→ **What you have to do**: Pictures excluded, retype the lines from the one containing "Foto do Sala" through the last line of the data below, both included.

→ **Provided data**:
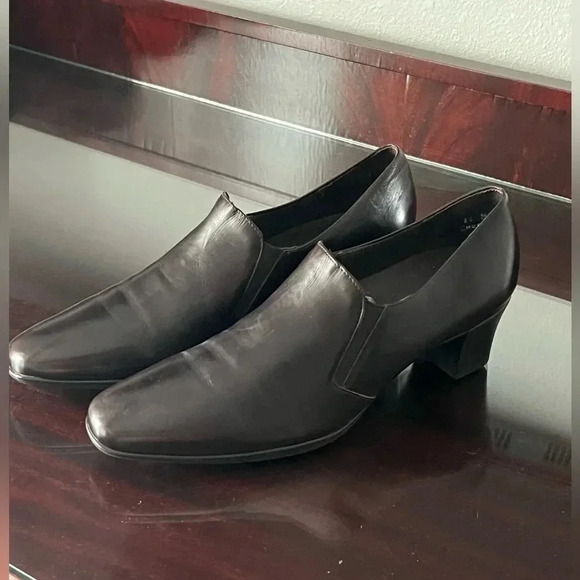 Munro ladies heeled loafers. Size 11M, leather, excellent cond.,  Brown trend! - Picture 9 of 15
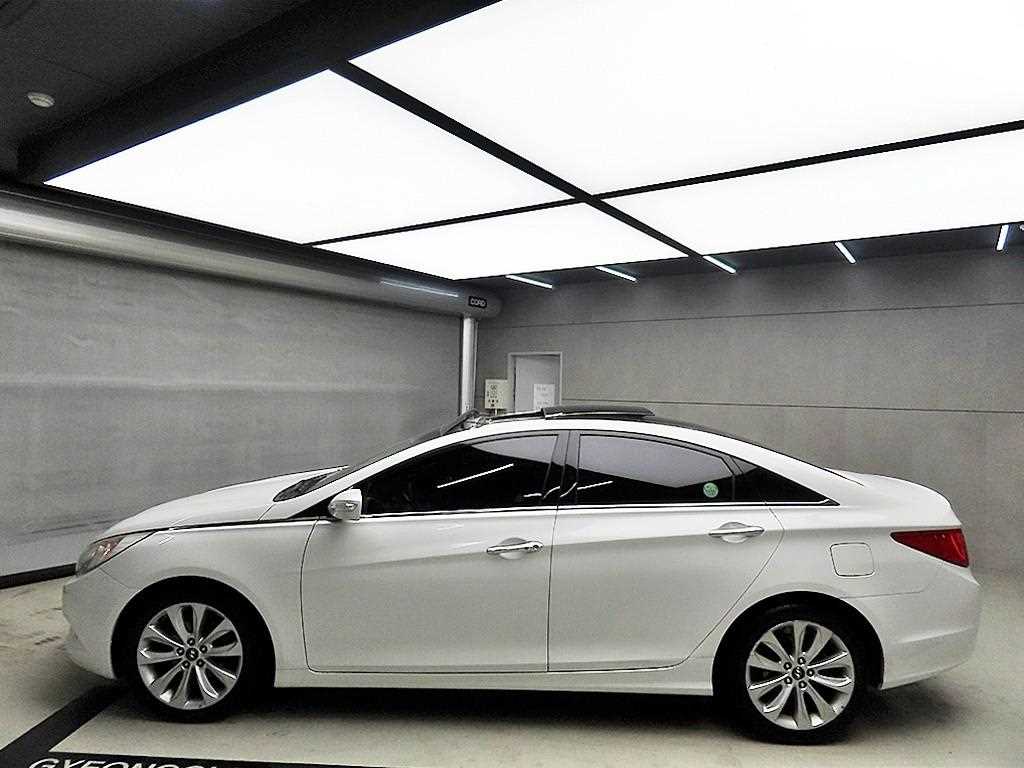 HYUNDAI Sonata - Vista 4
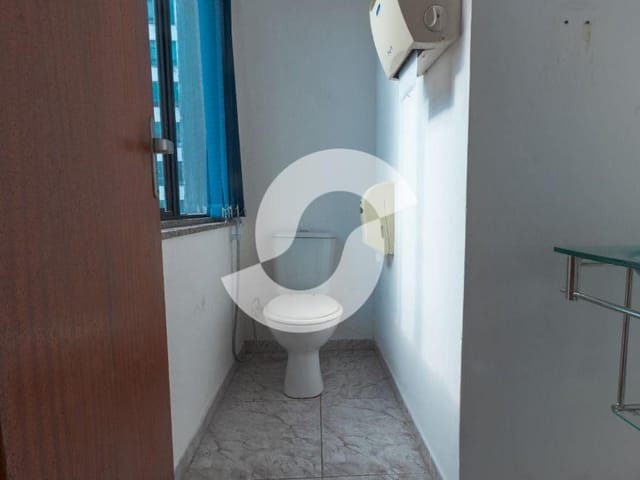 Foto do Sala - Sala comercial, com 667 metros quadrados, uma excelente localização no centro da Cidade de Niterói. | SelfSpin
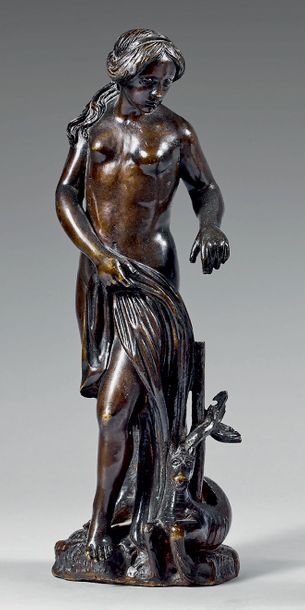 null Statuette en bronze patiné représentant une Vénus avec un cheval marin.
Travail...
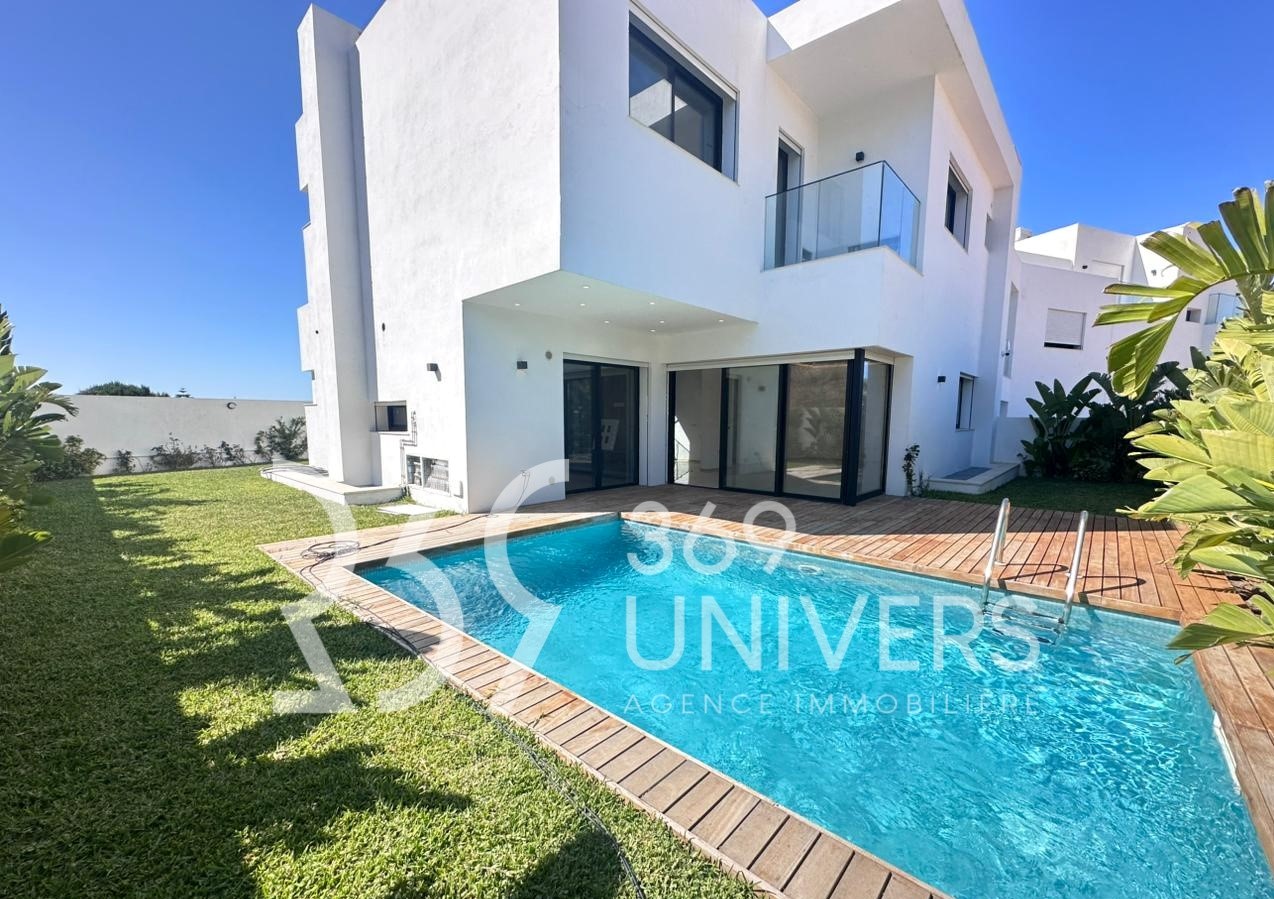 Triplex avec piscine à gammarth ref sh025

→ **Solution to the exercise**:
 Foto do Sala - Sala comercial, com 667 metros quadrados, uma excelente localização no centro da Cidade de Niterói. | SelfSpin
 null Statuette en bronze patiné représentant une Vénus avec un cheval marin.
Travail...
 Triplex avec piscine à gammarth ref sh025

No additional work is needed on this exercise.